Wie wird desinfiziert?
An den Desinfektionsstationen (Tankstellen oder andere Orte) wird eine Desinfektionsflüssigkeit (Virkon-S) verwendet, um alle Parasiten zu töten, die sich möglicherweise im Wasser auf der nassen Ausrüstung befinden. Sprühe die Flüssigkeit auf die Innen- und Außenseite deines Kajaks und auf die übrigen nassen Ausrüstungsteile (inkl. Spritzdecken und Jacken). Warte anschließend ungefähr 10 Minuten, bevor du alles gründlich mit Wasser abwäschst. Frage an der Desinfektionsstation nach Latex oder Kunststoffhandschuhen, weil die Flüssigkeit leicht Hautirritationen hervorrufen kann. Falls die Flüssigkeit aus Versehen in die Augen kommen sollte, spüle sie mit sauberem Wasser aus und suche einen Arzt auf. Das Desinfizieren kostet an der Tankstelle in Oppdal etwa 3,50 Euro. Dies ist der Preis, den wir zahlen müssen, wenn es uns weiterhin erlaubt bleiben soll, die Driva und andere Lachsflüsse zu befahren.

Bis 2005 wurde vom Norwegischen Kanuverband die „Selbstdesinfektion“ mit einer verdünnten Chlorlösung empfohlen. Chlor ist genauso wirksam wie die Flüssigkeit an den Desinfektionsstationen. Allerdings bietet die „Selbstdesinfektion“ keine Möglichkeit, der Öffentlichkeit zu demonstrieren, dass Kajakfahrer ihre Ausrüstung desinfizieren. Deshalb sollten auf jeden Fall die Desinfektionsstationen benutzt werden!   

Welche Flüsse in Norwegen sind vom Gyro befallen?
Der bei weitem größte Teil der norwegischen Flüsse, die von Kajafahrern genutzt werden, ist nicht befallen.
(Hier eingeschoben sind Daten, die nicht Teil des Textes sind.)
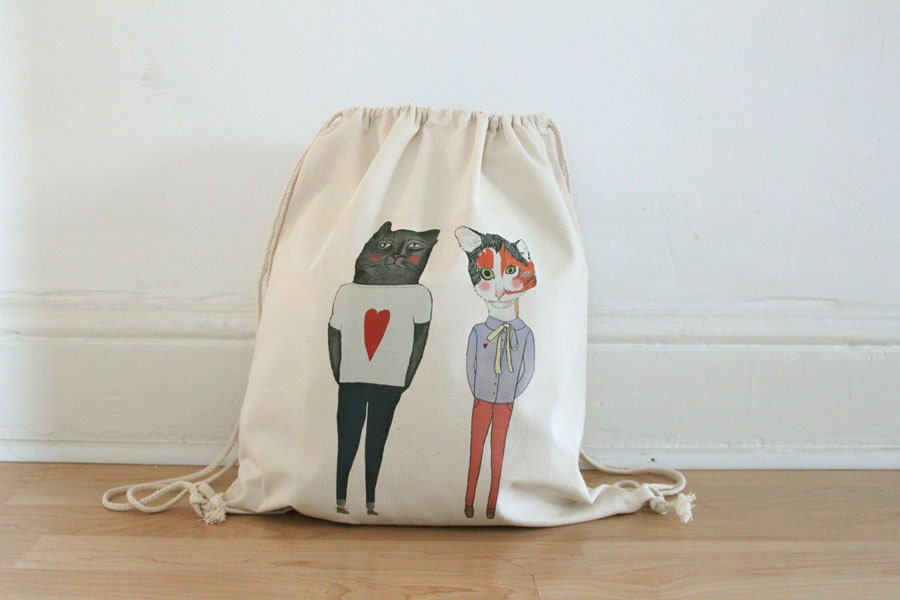 Love kitties drawstring bag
Es können nur Flüsse, in denen Lachse leben, befallen werden. Im Moment sind insgesamt 20 Lachsflüsse in Norwegen betroffen. Von diesen Flüssen werden nur die Driva, Vefsna, Rauma und Lærdalselva von Kajakfahrern genutzt. Auf diesen Flüssen sind nur die Abschnitte, in denen Lachse leben, befallen. Alle Zubringer, die in diese Flussabschnitte münden, sind in der Regel ebenfalls betroffen (z.B. der Drivazubringer Grøvu). Lachse können keine hohen Wasserfälle überwinden. Daher sind die oberen Abschnitte der Driva, Vefsna, Rauma und Lærdalselva nicht befallen.